Thoughts on the Healthcare State of the Union

I will give the President his due – he is a magnificent speaker, on par with Clinton, Reagan, Kennedy and Lincoln as one of the greatest orators in American history. However, the task before the country is to reorganize almost 20% of the United States economy in 90 days to preserve our economic stability, so extraordinary oratory is not enough. With that, a few thoughts from a healthcare businessman, not a politician, on tonight’s speeches:

  • Is it possible for Republicans to be more tone deaf than to have a cardiac surgeon from Louisiana give a response to the President’s address? Maybe they thought Dr. Kevorkian would give a rebuttal. Is malpractice reform really the best Republican idea? At best, it is a 1% solution to the issues before us. As to rationing, it already happens, even if subtle ways. Cardiac surgery is not one of those subtleties – cardiac surgeons are not famous for performing bypasses on indigent patients.

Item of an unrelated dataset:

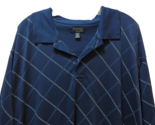 St. John&#39;s Bay men&#39;s 3XLT  polo shirt blue white pattern cotton poly qui... - $14.84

  • President Obama spoke for almost an hour and talked almost exclusively about health insurance reform. Does it concern you to think that it takes an hour tonight, in addition to most of August, to talk about insurance reform? Insurance reform is the easy issue for the American citizens – perhaps no other issue in the history of polling is so heavily slanted as it is against the insurance industry. If it takes all year to address the low-hanging fruit, how will Congress ever understand healthcare delivery? For a guess, see the first bullet above.
  • As to the insurance reform suggestions, it sure sounds poll-tested – no caps on lifetime coverage (who pays for that?), no denials for pre-existing conditions, etc. Do Congress and the White House really think that the insurance companies will fail to pass the proposed taxes and incremental costs onto the policyholders?

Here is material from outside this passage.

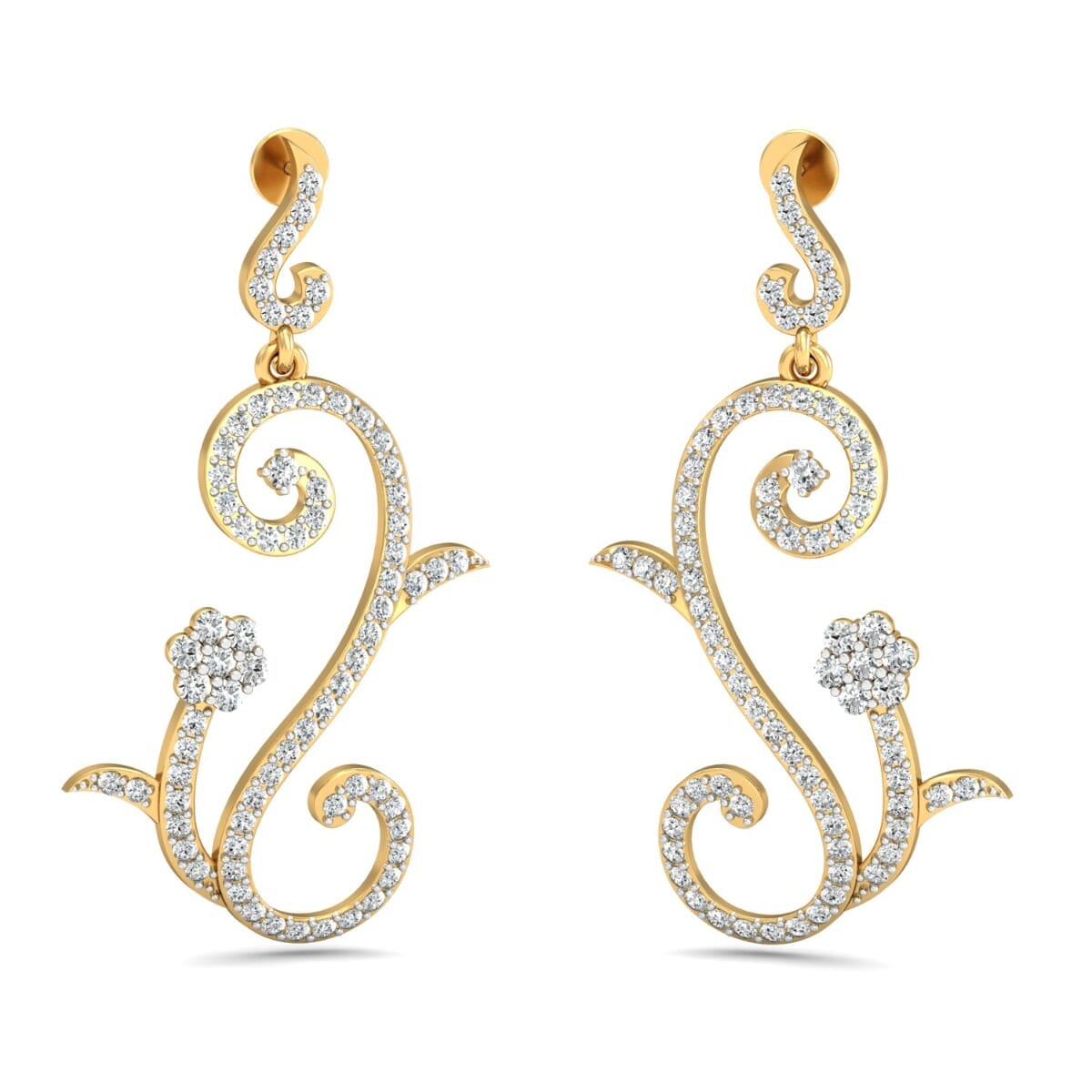 18KT Gold and 1.40 Carat Diamond Earrings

  • We will discuss in much more detail next week our “747 concept”. For now, we beg the White House to expand their search for examples of what is right and replicable about healthcare value. Professor Nicholas John Spykman once said, “Geography is the most fundamental factor in the foreign policy of states because it is the most permanent. Ministers come and ministers go, even dictators die, but mountain ranges stand unperturbed.” The theory of geography as destiny applies to healthcare, too, as does demography. Intermountain Healthcare has done some really innovative things, and Brent James, M.D. is well-regarded, but much of Intermountain’s success is due to a largely homogenous, if not teetotalling, population.
  • When did the cost of health insurance for Congress become the benchmark for “affordable”? Is that compared to plans for union members?
  • The President firmly stated that the public option has to be self-sustaining from premiums? History suggests how that works – lower premiums=fewer benefits. The public example is CoverTN; the private examples are often fined by insurance regulators for misleading consumers on the amount of the benefit. History also suggests that government sponsored plans are subject to lobbying for increased benefits, which usually become unfunded mandates. If the public option has to pay for itself from premiums, and Congress establishes minimum benefits, then premiums increase, right?
  • In speaking on healthcare for an hour, the President mentioned value only once.
  • In speaking on healthcare for an hour, the President never mentioned individual behavior or personal responsibility, except for the proposal to require everyone to obtain healthcare coverage like auto liability coverage. Anyone notice that was one of the three times (the others being malpractice caps and no federal funding of abortion) that the Democratic side of the chamber sat on their hands?
  • The President called out Alabama as the example of a state in which a single insurer dominating a market, with the clear inference that less payer competition is worse for Americans. The Hospital Value Index™ study suggests just the opposite of what the President stated  – higher value markets are usually characterized by less competition on the payer side, whereas lower value markets are often characterized by more competition on the payer side.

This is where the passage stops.